Output the data below exactly, images excluded.

Provided data:
>>>>
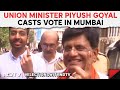 Mumbai Voting Today | Union Minister Piyush Goyal Casts Vote In Mumbai North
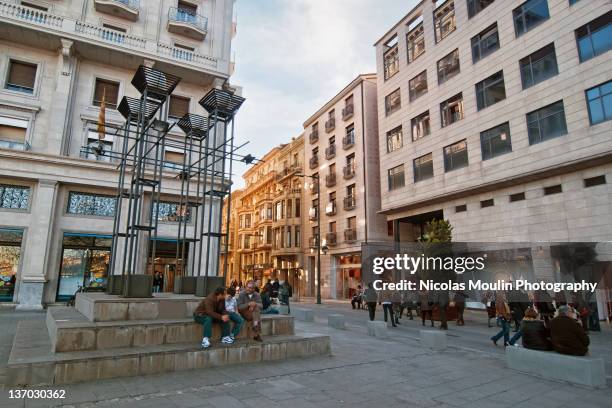 view of calle - lerida stock pictures, royalty-free photos & images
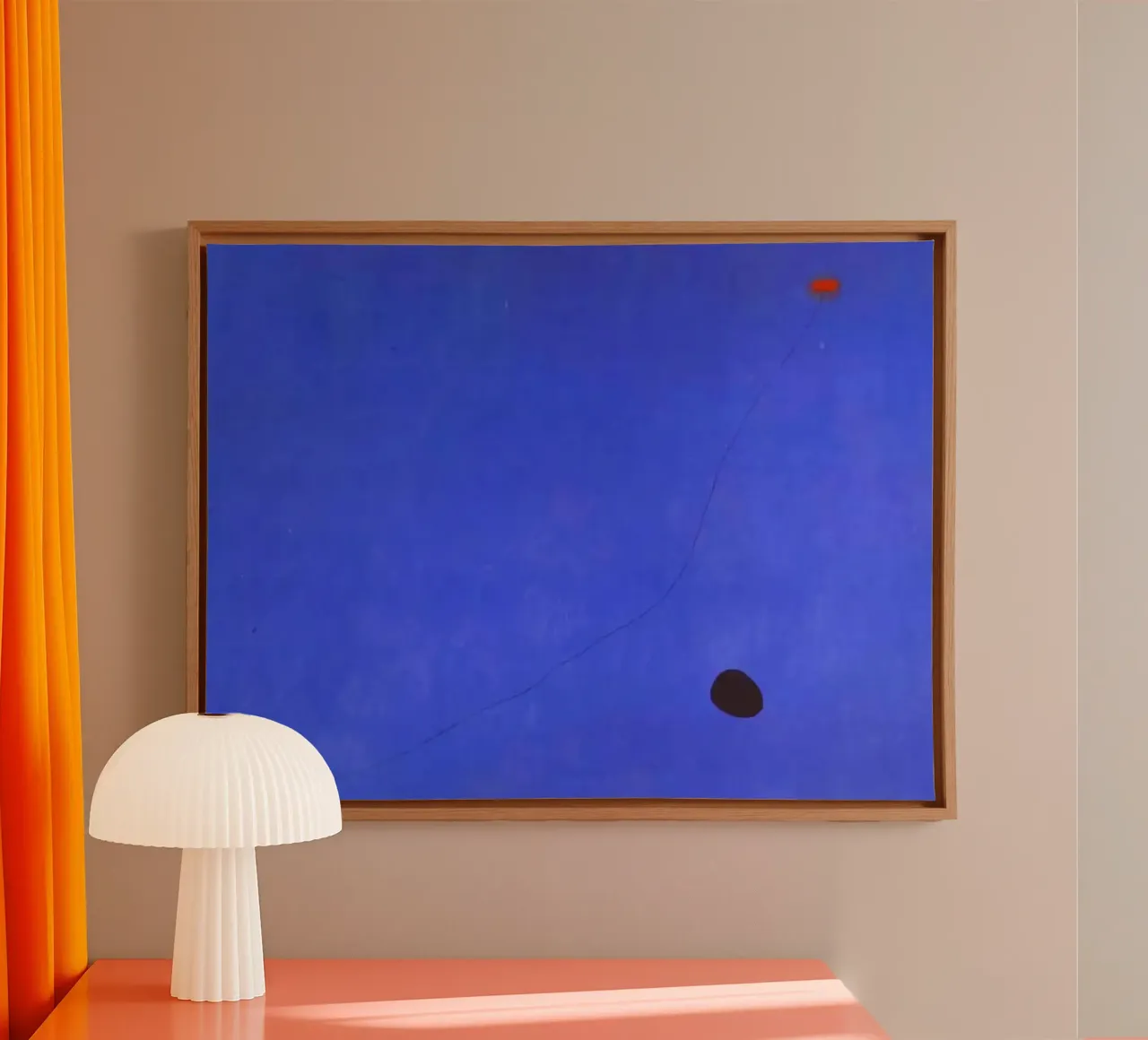 blu III joan miro 1961 tela con Cornice a cassetta da phillipp veisenberg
<<<<
Solution for this task:
 Mumbai Voting Today | Union Minister Piyush Goyal Casts Vote In Mumbai North
 view of calle - lerida stock pictures, royalty-free photos & images
 blu III joan miro 1961 tela con Cornice a cassetta da phillipp veisenberg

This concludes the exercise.